2

I am trying to extract using Puppeteer the title of this page: https://www.nordstrom.com/s/zella-high-waist-studio-pocket-7-8-leggings/5460106

I have the below code,

          (async () => {
            const browser = await puppet.launch({ headless: true });
            const page = await browser.newPage();
            await page.goto(req.params[0]); //this is the url
            title = await page.evaluate(() => {
              Array.from(document.querySelectorAll("meta")).filter(function (
                el
              ) {
                return (
                  (el.attributes.name !== null &&
                    el.attributes.name !== undefined &&
                    el.attributes.name.value.endsWith("title")) ||
                  (el.attributes.property !== null &&
                    el.attributes.property !== undefined &&
                    el.attributes.property.value.endsWith("title"))
                );
              })[0].attributes.content.value ||
                document.querySelector("title").innerText;
            });

which I have tested using the browser console and even using the { headless: false } option of Puppeteer.
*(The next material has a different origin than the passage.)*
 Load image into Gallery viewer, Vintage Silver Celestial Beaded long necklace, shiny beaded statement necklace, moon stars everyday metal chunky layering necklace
It works as expected in the browser, but when I actually run it with node it gives me the following error.

10:54:21 AM web.1 |  (node:10288) UnhandledPromiseRejectionWarning: Error: Evaluation failed: TypeError: Cannot read property 'attributes' of undefined
10:54:21 AM web.1 |      at __puppeteer_evaluation_script__:14:20

So, when I run the same Array.from ...querySelectorAll("meta")... query in the browser I get the expected string:

"Zella High Waist Studio Pocket 7/8 Leggings | Nordstrom"

I'm starting to think I'm doing something wrong with the async promises, as that is the part that is different. Can anyone point me in the right direction?

EDIT: As suggested, I tested using document.title, which should be there, but it also returned null. See code and log below:

          console.log(
            "testing the return",
            (async () => {
              const browser = await puppet.launch({ headless: true });
              const page = await browser.newPage();
              await page.goto(req.params[0]); //this is the url
              try {
                title = await page.evaluate(() => {
                  const title = document.title;
                  const isTitleThere = title == null ? false : true;
                  //recently read that this checks for undefined as well as null but not an
                  //undeclared var
                  return {
                    title: title,
                    titleTitle: title.title,
                    isTitleThere: isTitleThere,
                  };
                });
              } catch (error) {
                console.log(error, "There was an error");
              }
11:54:11 AM web.1 |  testing the return Promise { <pending> }
11:54:13 AM web.1 |  { title: '', isTitleThere: true }

Does this have to do with single-page application bs? I thought puppeteer handled that because it loads everything first.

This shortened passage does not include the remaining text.